I'd also like to note that there really is not such a thing as “the SSB signal frequency”. Certainly you can point at the middle of the passband, more or less, but where that frequency lies depends on the filter shape used by the transmitter and would be very difficult to measure in the presence of noise. The only precise frequency value you can define for a SSB signal is the mixer/carrier frequency, and it's much more useful all around because that's the one that you have to get right to demodulate accurately.
Would swapping the I and Q channels before mixing and demodulation make any difference?
Swapping I and Q in any signal has the effect of inverting the frequency spectrum, which converts LSB into USB and vice versa, and a 90° phase shift (which is irrelevant to anything unless you are comparing it to the unswapped version in some way).
It'd be a perfectly fine way to implement a SSB receiver to define one filter and switch between LSB and USB by swapping I and Q or not. You can also negate Q instead.

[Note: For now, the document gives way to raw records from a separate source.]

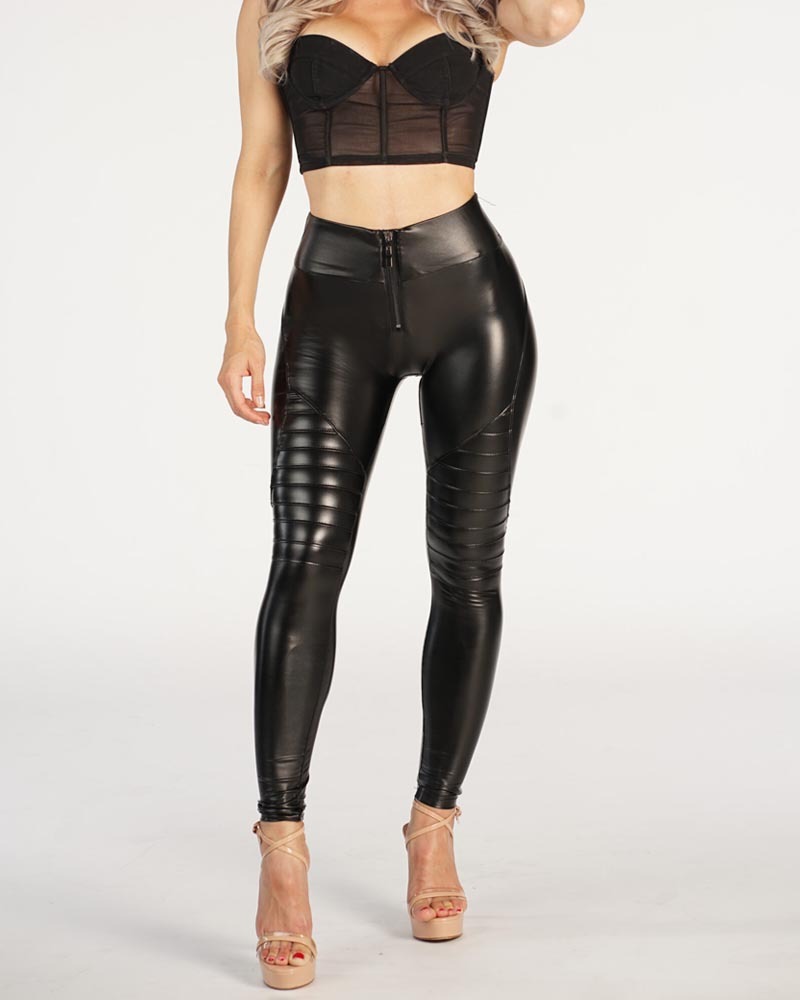 Zipper Eco-Leather Pants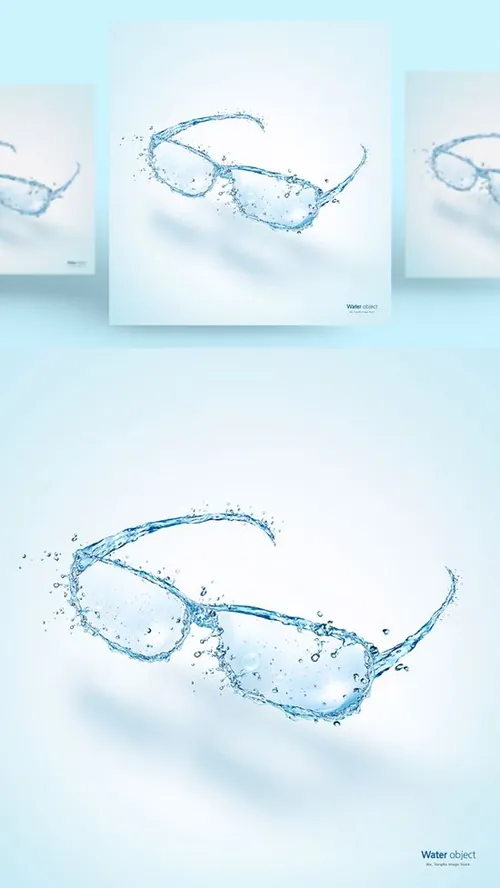 水元素眼镜形状PSD分层元素Water element PSD material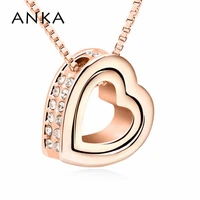 rose gold color crystal valentines day double heart necklace fashion jewelry 102791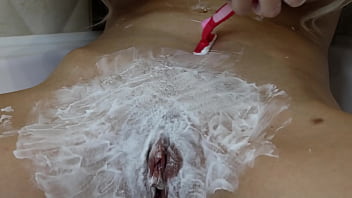 Shaving hairy pussy of a beautiful blonde real pov close up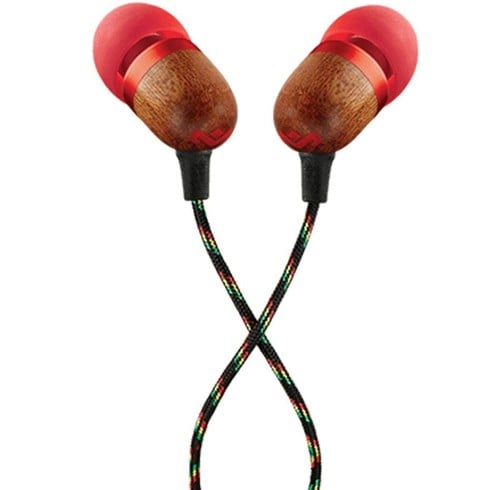 audífonos alámbricos Smile Jamaica rojo in-ear con cable trenzado y micrófono integrado, diseño ergonómico y moderno.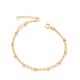 Pulseira Dupla Com Bolinha 3Mm E Alongador 2 Cm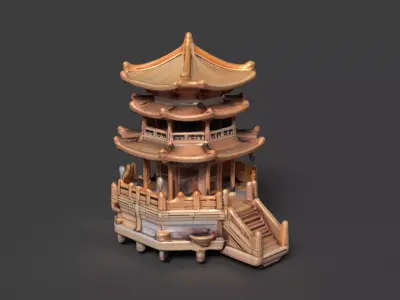 Chinese ancient tower  Low-poly 3D model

It is useful to visualize what is going on: remember that a simple unmodulated signal is a complex sinusoid, or $(\sin(\omega t), \cos(\omega t))$. Visualize that: a point moving around the unit circle, or a helix in three dimensions. If you swap I and Q then you have $(\cos(\omega t), \sin(\omega t))$ instead, which is just a point moving in the other direction (the frequency is negated) and with a different position at any given time than the other case (the phase shift).